Welcoming the New Year in Romania the traditional way

While New Year’s Eve is celebrated in cities with parties at home, in bars and pubs, or in various resorts, in the countryside the night between the years is not as filled with traditions as Christmas and the days before it.

However, the first day of the year marks the celebration of Saint Vasile – Sfantul Vasile. On this day children come caroling a carol called Sorcova, wishing people a rich, fruitful year. The agrarian carol Plugusorul (the little plough) is also sang in the first day of the year.

Saint Vasile, or Saint Basil the Great, was the bishop of Caesarea Mazaca in Cappadocia, in modern-day Turkey. He is known as a saint protecting against evil spirits. He established asylums and hospitals for the poor, an establishment to help prostitutes. In the Greek tradition, he brings gifts to children every January 1. Saint Vasile is a name day for many Romanians.

Overall, the outlook of the day of January 1 is considered telling of the entire year.
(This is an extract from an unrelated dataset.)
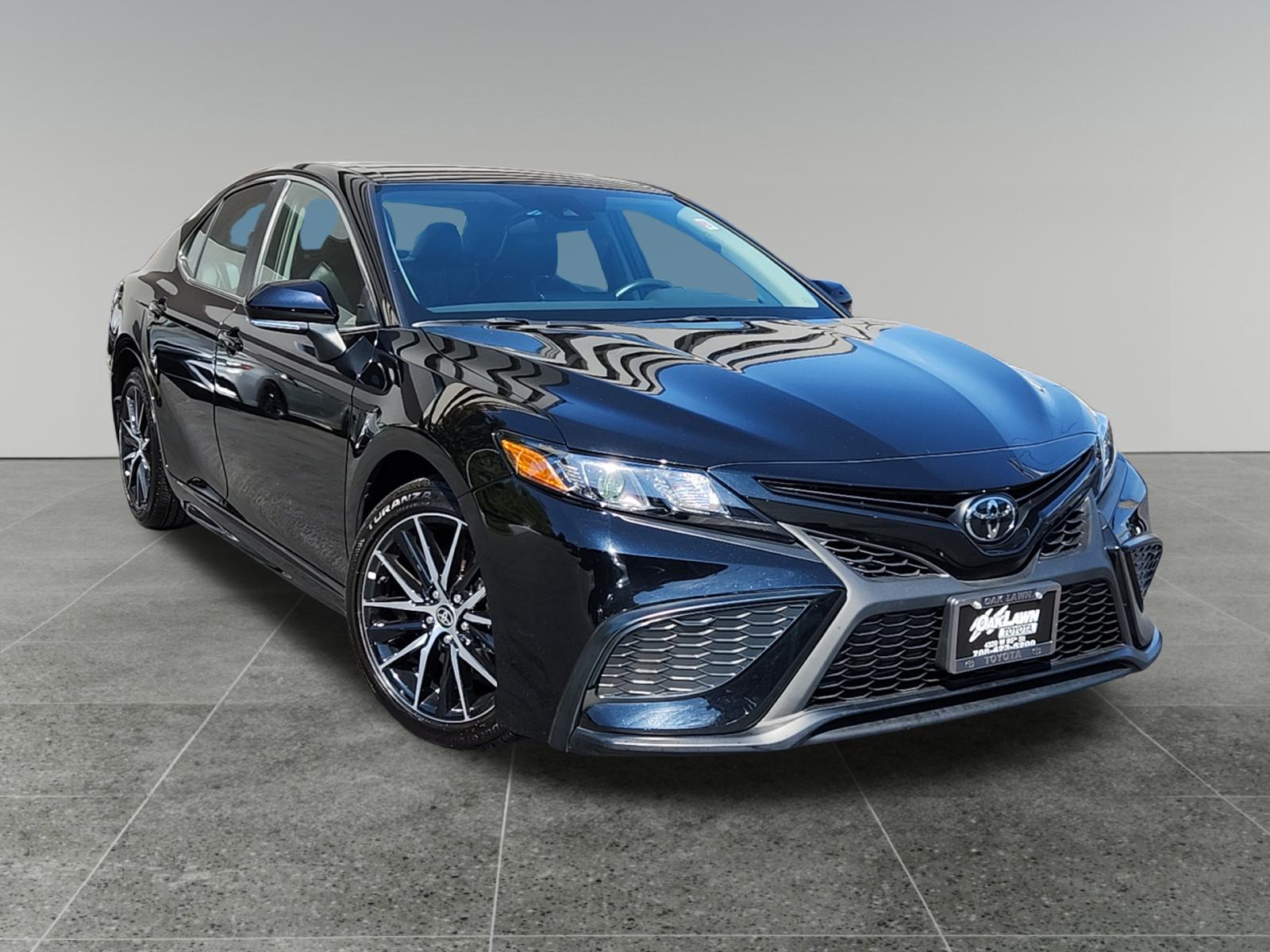 2024 Toyota Camry SE 1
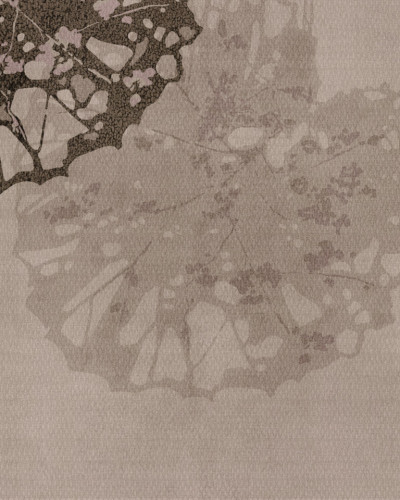 Wallpaper cu frunze delicate pe fond texturat, in nuante de gri si maro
Because the New Year is a time of renewal, the popular tradition argues that the year should be welcomed with good thoughts so that the entire year is a good one. People should avoid getting upset or arguing and be merry, so they will stay in the same spirits the entire year.

A tradition is to pick up a tool on January 1 and work with it three times to progress with work throughout the year. At the same time, one superstition argues that the way visitors coming on Saint Vasile are, either rich or poor, the same way the guest will be.

Weather wise, the Saint Vasile day will determine the entire year. If it is really cold, it is a sign that the year that just stared will be a good one, and many marriages will be celebrated. If it snows on Saint Vasile, the year will be a prosperous one, and if the weather is clear and freezing, people will be healthy throughout the year.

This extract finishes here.